Chaque corps a une existence locale. C’est peut-être bien davantage ou bien peu par rapport à une existence individuelle. Chaque corps a une existence locale, c’est-à-dire est ce corps qui point vers une existence localisée, géolocalisable ou en tout cas une existence où locale ne doit pas être prise au pied de la lettre mais doit être intégralement tournée vers la vibration, l’intensité singulière qui fait sens et sensible en chacun. Tels sont, dans Corpus de Jean-Luc Nancy, les quelques mots qui permettent d’éclairer cette particulière énergie du corps à être un émetteur de signes mais aussi à se tenir comme un prospecteur actif de sens. Un corps à l’existence locale, ni province, ni terroir – mais un corps qui est aussi capable, parce qu’il est local, de faire événement. Tout dépend de l’accord qui nous échoit.

C’est ce corps-événement qu’a sondé et interrogé cette cinquième journée du Banquet du livre d’été de Lagrasse en proposant, intervention après intervention, lecture après lecture, une véritable réflexion sur la manière dont le corps, par sa localité, peut se revendiquer politique. Car le corps s’impose ici comme le lieu de la parole même qui dira une inscription malaisée et fragile au milieu des paysages contradictoires et parfois illisibles d’un monde plus encore en expansion que l’univers lui-même. C’est peut-être Marie-Hélène Lafon qui fait tout d’abord entendre cette part du corps qu’on ne choisit pas : le décor où il naît. A travers trois lectures comme une valse à trois temps d’extraits de l’oeuvre de Josef Winkler, Marie-Hélène Lafon pose la question de savoir comment l’oeuvre montre un narrateur entré à corps perdu dans un monde, une famille, une histoire. Le corps local se fait ici un corps translocal tant il devient une manière d’intercesseur inouï entre le royaume des morts et la misère des vivants. Une manière d’intercesseur entre le père défunt et la mère pas encore tout à fait morte. Une manière d’intercesseur entre Klagenfurt et sa petite région, et le reste très grand du vaste monde.

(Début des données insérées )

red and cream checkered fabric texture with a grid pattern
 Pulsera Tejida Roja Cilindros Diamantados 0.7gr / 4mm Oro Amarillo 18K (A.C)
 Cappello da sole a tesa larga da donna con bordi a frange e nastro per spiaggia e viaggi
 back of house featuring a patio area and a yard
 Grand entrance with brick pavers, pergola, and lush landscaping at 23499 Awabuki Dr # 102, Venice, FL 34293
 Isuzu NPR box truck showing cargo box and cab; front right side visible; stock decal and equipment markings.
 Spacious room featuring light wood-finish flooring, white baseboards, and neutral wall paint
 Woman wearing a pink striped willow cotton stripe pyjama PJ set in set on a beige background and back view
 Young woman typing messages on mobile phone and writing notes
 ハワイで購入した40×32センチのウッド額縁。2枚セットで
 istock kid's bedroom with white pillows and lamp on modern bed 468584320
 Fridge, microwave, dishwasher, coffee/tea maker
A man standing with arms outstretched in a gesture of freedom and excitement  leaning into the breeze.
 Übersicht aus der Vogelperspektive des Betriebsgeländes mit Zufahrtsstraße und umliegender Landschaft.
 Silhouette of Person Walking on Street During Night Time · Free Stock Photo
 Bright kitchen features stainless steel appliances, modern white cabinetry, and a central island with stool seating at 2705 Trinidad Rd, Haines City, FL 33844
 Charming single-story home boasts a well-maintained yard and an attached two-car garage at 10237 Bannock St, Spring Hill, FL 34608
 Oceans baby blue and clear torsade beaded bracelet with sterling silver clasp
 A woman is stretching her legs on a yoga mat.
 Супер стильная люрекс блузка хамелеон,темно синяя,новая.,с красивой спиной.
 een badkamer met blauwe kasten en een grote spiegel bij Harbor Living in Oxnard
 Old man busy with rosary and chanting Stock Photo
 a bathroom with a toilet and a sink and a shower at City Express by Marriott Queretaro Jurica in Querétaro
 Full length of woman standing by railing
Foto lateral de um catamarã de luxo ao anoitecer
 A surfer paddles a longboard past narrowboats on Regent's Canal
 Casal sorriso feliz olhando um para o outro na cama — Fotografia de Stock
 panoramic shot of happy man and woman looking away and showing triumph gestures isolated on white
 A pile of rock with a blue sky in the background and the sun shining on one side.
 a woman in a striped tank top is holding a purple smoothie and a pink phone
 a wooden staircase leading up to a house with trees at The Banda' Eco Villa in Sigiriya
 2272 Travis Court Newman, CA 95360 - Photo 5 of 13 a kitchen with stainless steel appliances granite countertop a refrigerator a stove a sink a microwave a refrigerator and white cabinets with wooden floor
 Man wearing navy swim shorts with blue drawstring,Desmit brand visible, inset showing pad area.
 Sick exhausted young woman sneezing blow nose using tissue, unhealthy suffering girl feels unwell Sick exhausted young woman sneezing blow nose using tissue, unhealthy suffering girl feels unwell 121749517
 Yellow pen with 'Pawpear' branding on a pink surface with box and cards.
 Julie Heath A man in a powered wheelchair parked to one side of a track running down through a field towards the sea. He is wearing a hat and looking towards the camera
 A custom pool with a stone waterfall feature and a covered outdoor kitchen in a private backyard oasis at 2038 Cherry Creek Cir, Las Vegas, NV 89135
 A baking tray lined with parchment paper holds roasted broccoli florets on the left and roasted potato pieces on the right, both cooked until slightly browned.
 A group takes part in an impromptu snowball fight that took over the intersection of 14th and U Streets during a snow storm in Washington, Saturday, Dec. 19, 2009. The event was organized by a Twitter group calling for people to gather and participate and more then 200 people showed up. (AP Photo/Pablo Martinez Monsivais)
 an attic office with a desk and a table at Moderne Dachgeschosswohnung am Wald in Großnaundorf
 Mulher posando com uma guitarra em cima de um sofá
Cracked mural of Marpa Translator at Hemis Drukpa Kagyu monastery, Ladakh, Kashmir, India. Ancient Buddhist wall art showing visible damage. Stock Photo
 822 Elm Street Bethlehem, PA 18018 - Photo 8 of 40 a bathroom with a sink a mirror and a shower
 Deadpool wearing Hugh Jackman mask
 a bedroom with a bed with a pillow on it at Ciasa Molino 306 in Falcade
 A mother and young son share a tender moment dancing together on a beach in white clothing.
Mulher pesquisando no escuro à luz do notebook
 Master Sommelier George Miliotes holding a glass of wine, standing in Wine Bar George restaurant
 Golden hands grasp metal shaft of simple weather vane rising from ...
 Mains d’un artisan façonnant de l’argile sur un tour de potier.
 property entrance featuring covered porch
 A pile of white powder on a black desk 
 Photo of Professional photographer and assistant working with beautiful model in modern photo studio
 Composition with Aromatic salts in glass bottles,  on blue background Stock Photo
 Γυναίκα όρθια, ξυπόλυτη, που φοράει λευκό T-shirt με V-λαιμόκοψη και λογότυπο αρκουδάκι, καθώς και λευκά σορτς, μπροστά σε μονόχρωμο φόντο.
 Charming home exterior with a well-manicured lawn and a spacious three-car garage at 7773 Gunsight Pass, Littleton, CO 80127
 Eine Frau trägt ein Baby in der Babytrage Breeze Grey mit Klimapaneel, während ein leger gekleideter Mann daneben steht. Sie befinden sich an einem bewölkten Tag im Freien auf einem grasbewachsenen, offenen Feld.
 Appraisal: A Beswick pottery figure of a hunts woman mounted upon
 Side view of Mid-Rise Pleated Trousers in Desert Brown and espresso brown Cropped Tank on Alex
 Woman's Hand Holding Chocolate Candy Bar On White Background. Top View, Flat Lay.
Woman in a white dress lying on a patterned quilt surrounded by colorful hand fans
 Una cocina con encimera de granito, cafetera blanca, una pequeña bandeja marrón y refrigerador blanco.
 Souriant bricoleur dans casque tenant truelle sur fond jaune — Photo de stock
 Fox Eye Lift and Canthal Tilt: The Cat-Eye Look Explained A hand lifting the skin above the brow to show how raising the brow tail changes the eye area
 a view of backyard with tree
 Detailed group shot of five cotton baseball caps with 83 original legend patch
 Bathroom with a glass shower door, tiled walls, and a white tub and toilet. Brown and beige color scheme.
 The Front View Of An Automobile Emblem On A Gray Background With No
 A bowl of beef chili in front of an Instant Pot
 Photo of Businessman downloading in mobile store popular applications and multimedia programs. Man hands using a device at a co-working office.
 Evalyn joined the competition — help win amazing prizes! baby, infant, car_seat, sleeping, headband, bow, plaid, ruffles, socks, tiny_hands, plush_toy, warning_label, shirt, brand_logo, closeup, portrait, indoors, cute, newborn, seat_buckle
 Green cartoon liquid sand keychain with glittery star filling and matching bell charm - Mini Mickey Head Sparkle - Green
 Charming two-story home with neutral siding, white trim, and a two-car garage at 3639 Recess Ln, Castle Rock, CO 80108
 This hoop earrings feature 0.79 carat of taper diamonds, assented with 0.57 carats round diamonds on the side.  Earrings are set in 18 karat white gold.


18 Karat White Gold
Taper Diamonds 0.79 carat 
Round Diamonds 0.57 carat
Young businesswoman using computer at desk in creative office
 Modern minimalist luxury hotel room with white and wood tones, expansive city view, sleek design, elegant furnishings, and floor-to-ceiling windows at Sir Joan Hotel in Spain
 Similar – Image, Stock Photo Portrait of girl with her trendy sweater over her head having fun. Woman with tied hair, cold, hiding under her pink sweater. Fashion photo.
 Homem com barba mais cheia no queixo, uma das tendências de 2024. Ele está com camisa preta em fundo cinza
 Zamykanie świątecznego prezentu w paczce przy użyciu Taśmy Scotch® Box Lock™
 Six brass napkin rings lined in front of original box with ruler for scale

Ce corps local tel que le fait transiter dans sa parole elle-même d’intercesseur Marie-Hélène Lafon donne à voir et à lire une sortie permanente hors de soi, hors du sol, qui jette à nouveau une lumière nouvelle sur la manière d’organiser politiquement à la fois une lecture du vivant mais aussi d’organiser une résistance au monde tel qu’il ne va plus. Citant Michel Foucault selon lequel aucune société ne laisse sans contrôle les usages que ses membres font de leurs corps, Dominique Memmi enchaîne dans la grande conférence du soir qui suit Marie-Hélène Lafon sur ces manières voire ces dispositifs selon lesquels les corps deviennent régulables – sans leur accord.

Que sont ainsi ces années 1970 qui, contre le contrôle très localisé des corps, ont pu progressivement mettre sur pied ce fameux « gouvernement de la parole » qui a pu permettre à toute une génération d’opérer de son vivant une massive réappropriation des corps ? De son propre corps. Ce gouvernement de la parole a ainsi pu permettre de sortir de ce local de soi pour partir à la conquête de droits sociaux, écrire une nouvelle histoire ?

Comment le corps local peut devenir un outil de lutte à plusieurs pour obtenir que le corps ne soit plus l’objet d’une soumission sans trêve dont la violence est la clef ? C’est peut-être la grande leçon de la très belle lecture performée de Léonor de Récondo, Mélanie Traversier et Julia de Gasquet, à la nuit tombée de Lagrass, qui, après le OFF d’Avignon, s’est déployée mercredi soir sous le titre de Le Désir du désir du désir sur un texte de Léonor de Récondo et une mise en scène de Julia de Gasquet.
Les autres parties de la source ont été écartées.